As a word of caution, partworth utilities are given arbitrary scale under monotone regression, unlike HB where the scaling of the partworths directly maps to probabilities of choice via the logit rule.  Thus, you should adjust the Exponent (Scale Factor) appropriately in market simulators that employ partworths developed with monotone regression.  Otherwise, the overall sensitivity of the model may be significantly lower or higher than appropriate for predicting buyer choices.

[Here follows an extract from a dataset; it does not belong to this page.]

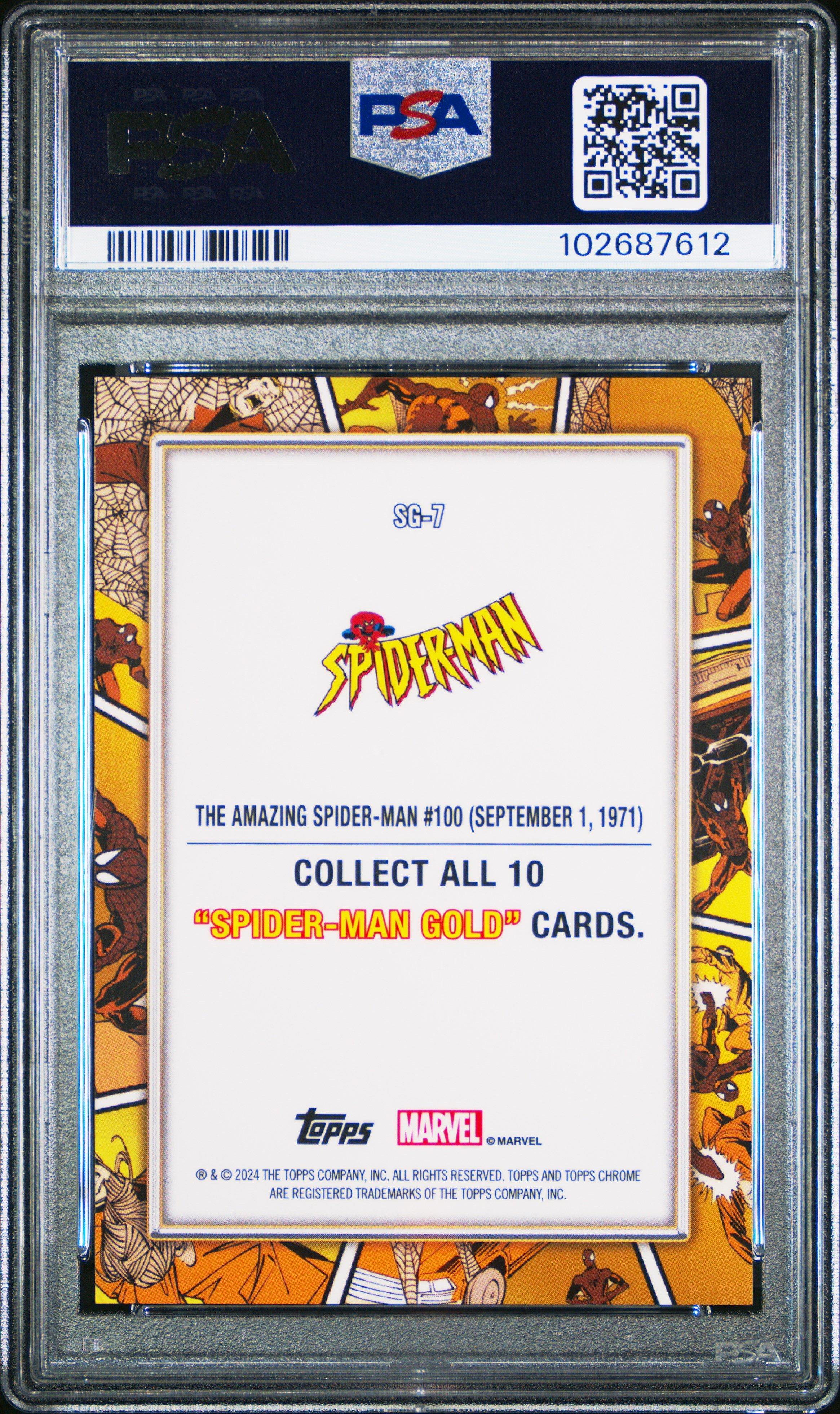 2024 Topps Chrome Marvel Spider-man Gold Sg7 The Amazing Spider-man #100 PSA 10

Monotone regression uses a method similar to that described by Richard M. Johnson in "A Simple Method of Pairwise Monotone Regression", Psychometrika, 1975, pp 163-168.  Monotone regression may be appropriate for estimation problems where the model is intended to fit the data only in a rank order sense.   An example of such a situation would be full profile conjoint analysis, with data consisting only of rank orders of preference for a collection of product concepts.  More recently, monotone regression has been adapted to choice modeling, where the data consist of only ones and zeros, with ones indicating chosen concepts and zeros indicating those not chosen.  In this context, monotone regression seeks a set of partworths which imply higher utility for each chosen concept than for non-chosen concepts in the same choice set.


The method is iterative, starting with random values and finding successive approximations which fit the data increasingly well.  Two measures of goodness of fit are reported: Theta and Tau.

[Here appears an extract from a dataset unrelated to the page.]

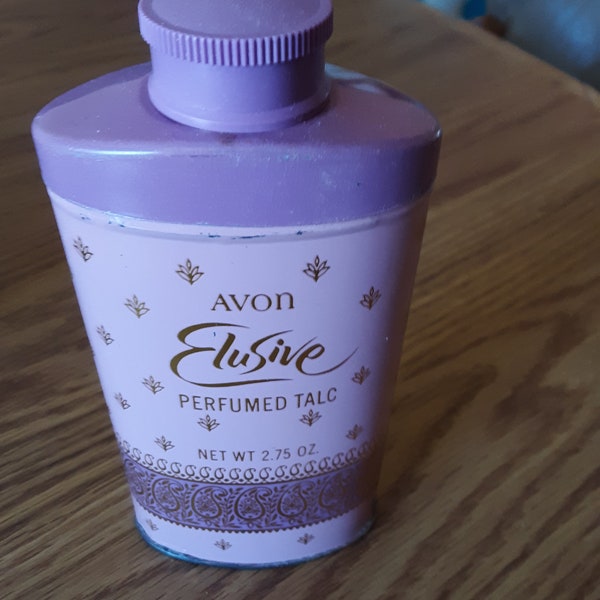 FULL Avon ELUSIVE Perfumed Talc (Body Powder) Net Wt. 2.75 oz. Full, Discontinued, Vintage 1970s, vHTF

Suppose a choice task presented four concepts, P, Q, R, and S, and the respondent chose concept P.  Also, suppose that at some intermediate stage in the computation, utilities for these concepts are estimated as follows:


Concept Utility Chosen

P        4.5        1

Q        5.6        0

R        1.2        0

S    -2.3        0


We want to measure "how close" the utilities are to the rank orders of preference.  One way we could measure would be to consider all of the possible pairs of concepts, and to ask for each pair whether the member with the more favorable rank also has the higher utility.   But since our observed data consist only of a one and three zeros, we can focus on the differences in utility between the chosen concept and the three non-chosen concepts.  


In this example the preferred concept (P) has a higher utility than either R or S, but it does not have a higher utility than Q.  

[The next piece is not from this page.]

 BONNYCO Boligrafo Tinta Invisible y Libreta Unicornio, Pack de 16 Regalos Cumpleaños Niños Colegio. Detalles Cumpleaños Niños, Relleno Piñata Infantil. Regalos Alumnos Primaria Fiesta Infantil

Kendall's Tau is a way of expressing the amount of agreement between the preferences and the estimated utilities. It is obtained by subtracting the number of "wrong" pairs (1) from the number of "right" pairs (2), and then dividing this difference by the total number of pairs. In this case,


Tau = (2 - 1) /3 = .333


A Tau value of 1.000 would indicate perfect agreement in a rank order sense. A Tau of 0 would indicate complete lack of correspondence, and a Tau of -1.000 would indicate a perfect reverse relationship.  (Although this example involves only one choice set, in a real application the number of correct and incorrect pairs would be summed over all choice sets in the questionnaire.)


Tau is a convenient way to express the amount of agreement between  rank orders of two sets of numbers, such as choices and utilities for concepts. However, it is not useful as a measure on which to base an optimization algorithm, because of its discontinuous nature.  As a solution is modified to fit increasingly well, the Tau value will remain constant and then suddenly jump to a higher value. Some other measure is required which, while similar to Tau, is a continuous function of the utility values.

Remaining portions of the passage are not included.